Le film Blade Runner (1982) reconstruit image par image en utilisant un type de réseau de neurones artificiels appelé auto-encodeur. Les 15 premières minutes du film sont comparées de manière synchrone avec leur reconstitution auto-encodée.

La vidéo qui a réussi à duper la Warner a été réalisée par Terence Broad, étudiant de master en informatique appliquée aux arts. Celui-ci a appris à un réseau de neurones à décoder/encoder une vidéo image par image sans s'appuyer sur des paramètres définis par un humain.
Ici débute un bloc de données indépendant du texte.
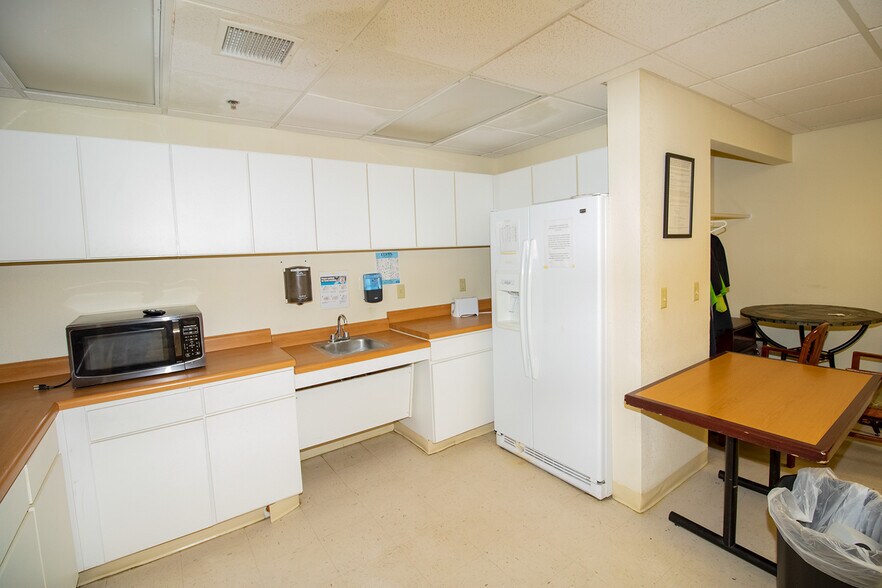 More Photos Of 224 E Central Ave, Andover Rehabilitation Center For Sale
Tout d'abord, il a entrainé son autoencoder à regarder Blade Runner jusqu'à ce que celui-ci soit capable de le distinguer des autres films, c'est-à-dire jusqu'à ce qu'il ait intégré la distribution des images du film, séquence par séquence. Il a ensuite encodé ces images en une représentation plus simple (200 digit), puis les a reconstituées pour qu'elles ressemblent à l'image d'origine ; cela exige une forme de « créativité » puisque le réseau de neurones ne disposait pas de toutes les données nécessaires à la restitution exacte de la séquence. Il a donc extrapolé, afin qu'elle soit « cohérente » à l'œil. Comme on peut l'observer dans la vidéo, l'autoencoder a tellement bien réussi son coup que l'identité visuelle du film a été restituée de bout en bout, même lorsque le logiciel peinait à rendre compte des contours et des mouvements rapides. Terence Broad a répété le processus avec le film A Scanner Darkly de Richard Linklater, l'adaptation de Substance mort de Philip K. Dick. L'expérience est elle aussi un succès.

Broad confie à Vox : « En quelque sorte, vous regardez le film à travers les yeux du réseau de neurones. La reconstitution correspond à l'interprétation que celui fait du film, à partir de ses capacités, qui sont limitées mais suffisantes pour lui permettre de 'comprendre' comment le film est fait. »

Quand les réseaux de neurones auront épuisé tout le répertoire SF de Netflix, peut-être en sauront-ils assez sur les caractéristiques de la science-fiction pour nous proposer des oeuvres inédites qui ne soient pas seulement des collages ou des extrapolations rudimentaires à partir de supports existants. Et à ce moment là, nous vivrons vraiment dans cet univers cyberpunk en demi-teinte dont tout le monde semble, inexplicablement, être nostalgique.